Ama is eleven years old, Grace twenty-five, and they are basically each other’s world. They sleep in the same bed and bathe in the same tub, and they seem to be one of the few Black families in their apartment complex. The only time Grace leaves is to work her cleaning shift at a mall, Ama secretly gazes through binoculars at the complex. I think the intent from debut director (and screenwriter) Adura Onashile was to show a mutual need for one another, but the not-directly-said trauma at the core of her life — Grace’s rape in a clearing at thirteen — is clearly the ultimate driver of Grace, and Ama just has to follow along. Grace’s twin coping mechanisms are counting to break out of her traumatic recollections and keeping Ama as locked up as possible, and both are ever-present. Grace’s rules for Ama are to stay inside, never open the door for anyone, and to trust nobody.

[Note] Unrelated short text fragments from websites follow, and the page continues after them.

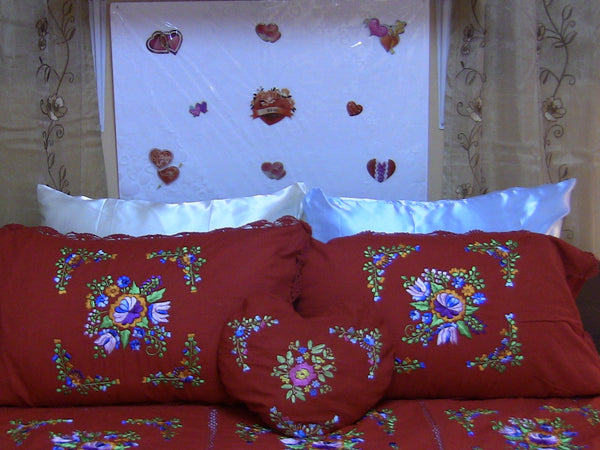 Hand Embroidered / Needle & Crochet Work Special Days Designer Bedspread Coverlet Set. Save for grandson & daughter.  Queen / King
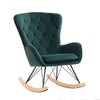 Retro Green Velvet Armchair Lazy Rocking Chair Living Room Bedroom Lounge Seat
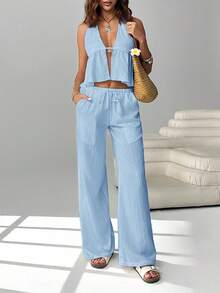 SHEIN EZwear 两件套女士度假纯色露背吊带上衣和裤子休闲套装 - 藍色 - 查看 7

She’s has withheld from Ama the knowledge of who her father was and why her body is undergoing the changes of puberty. (Similarly, the viewer is withheld basically any aspect of Grace’s backstory aside from her presumed rape, and it’s unclear where Grace is from and when she and Ama got to Scotland.)
There are so many moments in the film where I was shaking my hands in the air, wondering how Grace came to think she could keep Ama safe by sealing her off from the world in the middle of a city. (Though I guess it kind of worked for The Wolfpack kids.) I’m not alone in this frustration; school social worker Lisa (Ayesha Antoine), building manager Samuel (Danny Sapani), and Ama’s neighbor, classmate, and only friend Fiona (Liana Turner) are all just trying to help. Nevertheless, Grace pushes them all away, moving from apartment to apartment to avoid making ties with anyone, and to keep Ama from making a similar connection, all in the name of keeping each other safe. In some ways, the titular girl is as much Grace as it is Ama, both being forced to grow (but never quite getting there in the lens of the viewer).

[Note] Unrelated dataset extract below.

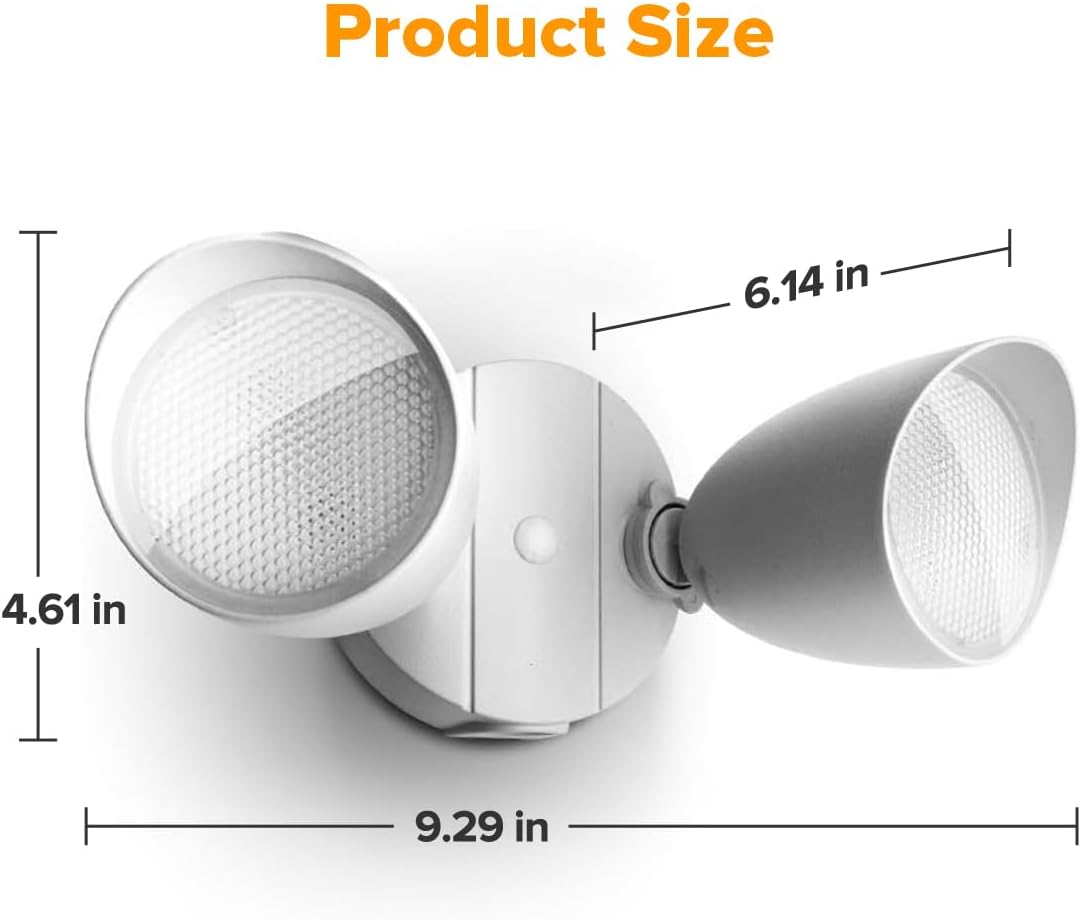 Detalle de LUTEC 6222W Dual-Head LED Floodlight, 3,500 Lumens, 5000K Outdoor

All this trauma, undercut with very little gentleness or joy (which really only comes in the first and last few minutes of the film), makes for a flat movie with flat protagonists. I yearned to feel some semblance of warmth from this film as it went along. The closest I got (aside from bright colors of the character’s clothes, courtesy of Kirsty Holliday’s costume design) was Ama’s relationship with Fiona, a bond that is formative, caring, and — especially in Grace’s eyes — transgressive. That’s especially clear when Fiona, not Grace, helps Ama deal with her first menstrual cycle. But otherwise GIRL just made me feel like I was hit with an emotional hammer for an hour and a half. Lukumuena and Bonsu do well with what they’re given, even if it’s a lot of thousand-yard-stares and hyperventilating. I think they both deserved to express more.
Twice Colonized
Directed by Lin Alluna
Written by Lin Alluna and Aaju Peter
In Danish, English, and Inuktitut with English subtitles
92 mins.
Now streaming in Canada on CBC Gem (and coming to the US via Film Movement)
(TW: suicide)
In retrospect, it’s not surprising that Twice Colonized begins with Aaju Peter, lawyer, activist, and keeper of Inuk cultural traditions, letting her granddaughters try on her clothes. We open on Peter, living in Iqaluit, Nunavut, Arctic Canada, with one of her grandkids putting on her sealskin lawyer’s robe. This documentary, executive produced, co-written, and “lived by” Peter is, in her words, on “personal consequences of being colonized by other nations.” But it’s ultimately a story of endurance and organizing, to ensure that the next generation has a better life. And in the process, it’s less a story of Peter’s life story and more a snapshot of her late fifties, as she endures grief and abuse and rediscovers her identity.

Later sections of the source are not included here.